I switched about 5 years ago when most of my Canon gear was in need of replacement and both Nikon and Canon were still asleep. Fast forward to today and all three brands are putting out excellent cameras. Part of me wishes I kept with Canon but I would have been griping for 4 years about the crappy AF in 5Dmk2 and lack of dynamic range in Canon compared to Nikon and Sony. OTOH have a bunch of new stuff and learning a new system was beneficial to me.

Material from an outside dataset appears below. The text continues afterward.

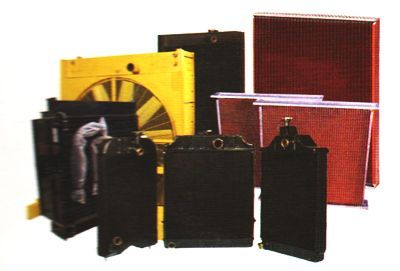 Un grupo de radiadores están colocados uno encima del otro sobre una superficie blanca.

Regarding menus, after using Canon forever it is still imprinted on my brain. Sony menus are ok once you figure out what you need (about 10% of the things on the menu) but give me a Nikon and I'll give it back to you.

Steve McKenzie's picture

And the point of this is? I think it's about time we added camera brand wars as an Olympic sport. Why does everyone see the need to defend their camera of choice by listing all the shortcomings of other brands, particularly Sony. Oh and btw, your R5 wouldn't even exist if Sony hadn't dragged Canon and Nikon kicking and screaming into mirrorless. And as the for that old chestnut, the Sony menu system, take some time to learn how to use it. You may just find it's OK. Try picking up a 5DMKII and quickly changing exposure compensation on the fly or switching from your preferred landscape settings to your preferred action settings with the flick of a dial.

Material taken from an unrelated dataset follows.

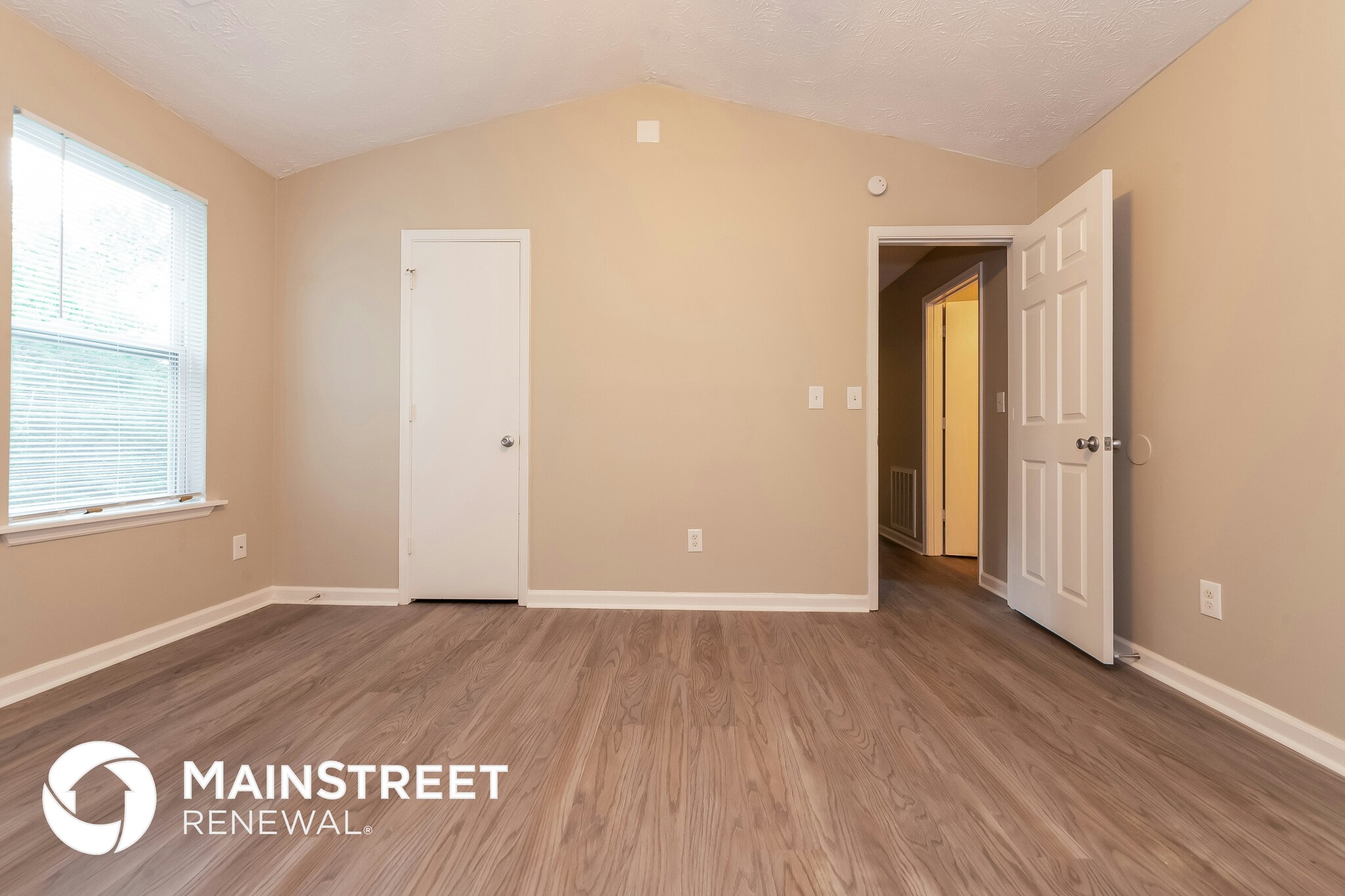 Building Photo - 6265 Leverett Dr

Andrew Broekhuijsen's picture

I worked at a camera store for a few years, and used to stay all up-to-date with the latest gear, etc.

It took me a long time to realize (or perhaps just to admit to myself) that my camera was not the limiting factor in my photography, and hadn't been since perhaps I first upgraded to my first DSLR from a point & shoot with manual controls.

There are legitimate reasons to upgrade cameras or hop brands. I have a good friend who shoots almost exclusively astrophotography images. The bump in image quality when the camera body is pushed to its limits was worth all the other tradeoffs for him, so he shoots a Sony.

I shoot primarily nature photos on a tripod. Sometimes I shoot portraits - outdoors with fast primes, or in a studio with artificial lighting. In all of these use cases, I'm rarely if ever exceeding ISO 800. My Canon 5D Mk II is quite capable at ISO 800 and below. Perhaps I just don't know what I'm missing having 328 diagonal cross-type AF points or AI-based AF that locks onto eyes for me, but if I'm even using autofocus, I haven't found it to be difficult to just use the center AF point (I have 9 available), and recompose before clicking the shutter. Bottom line, I don't think I have any images in my portfolio that would be better if they had been shot on a newer camera body.

I'm finding I get a lot more return on investment by spending my time and money on practicing and learning than I do from gear.

For everyone who switched from Canon to Sony and are really happy with their camera, congratulations. I'm happy with mine too. For that matter, I'm happy with the various film cameras I still shoot as well, some dating back to the first half of the 20th century.

Michael Fraser's picture

Let’s address the more important issue, shall we?

Watermarks are both annoying and useless.